The New York Daily News reported that Mark Oberholtzer of Texas City traded the company car in at a dealership in 2013 and hadn’t thought of it since.
On Monday, however, the Ansar al-Deen Front, a Syrian militant group, posted a photo featuring the black Ford F-250 pickup with an anti-aircraft gun mounted on the truck bed and the logo of Oberholtzer’s Mark-1 Plumbing Company and contact information emblazoned on the doors.
Ansar al-Deen Front (aka “Supporters of the Religion” Front) is one of the newer Syrian militant coalitions, operating as an alliance of three “neutral” rebel fighters (mostly foreigners) only since July 2014. They are based in western Syria and claim not to be aligned with either ISIS or the various FSA and Nusra Front groups opposing ISIS. This isn’t terribly surprising since they are apparently mostly not Syrians — hailing from farther flung places such as Morocco and Chechnya — which probably reduces their stake in the internal divisions of the anti-Assad groups.
But back to the poor plumber in Texas.
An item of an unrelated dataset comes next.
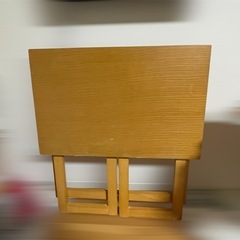 折りたたみデスクの画像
Apart from the death threats from stupid people who can’t figure out this was obviously unintended, I love this story for its globalized absurdity. It is the perfect distillation of all the dedicated but under-appreciated reporting for about 10 years by all the Iraq correspondents noticing pre-owned/stolen North American vehicles repeatedly showing up in bombing attacks and trying to figure out how they got there but not being able to trace them very far. Even FBI investigations didn’t make definitive progress. See this 2005 account:
The inquiry began after coalition troops raided a bomb-making factory in Fallujah last November and found a sport utility vehicle registered in Texas that was being prepared for a bombing mission.
Investigators said they are comparing several other cases where vehicles evidently stolen in the United States wound up in Syria or other Middle East countries and ultimately into the hands of Iraqi insurgent groups — including Al Qaeda in Iraq, led by Jordanian-born Abu Musab Al Zarqawi.
Of course, Al Qaeda in Iraq was subsequently renamed the Islamic State in Iraq and Syria (ISIS), bringing the whole thing full circle to today’s conflict.
And this new story also involves another of my favorite topics (dating to the Libyan Revolution in 2011): Militants Driving Fast With Stolen Anti-Aircraft Guns on Pickup Truck Beds That Should Not Be Used That Way.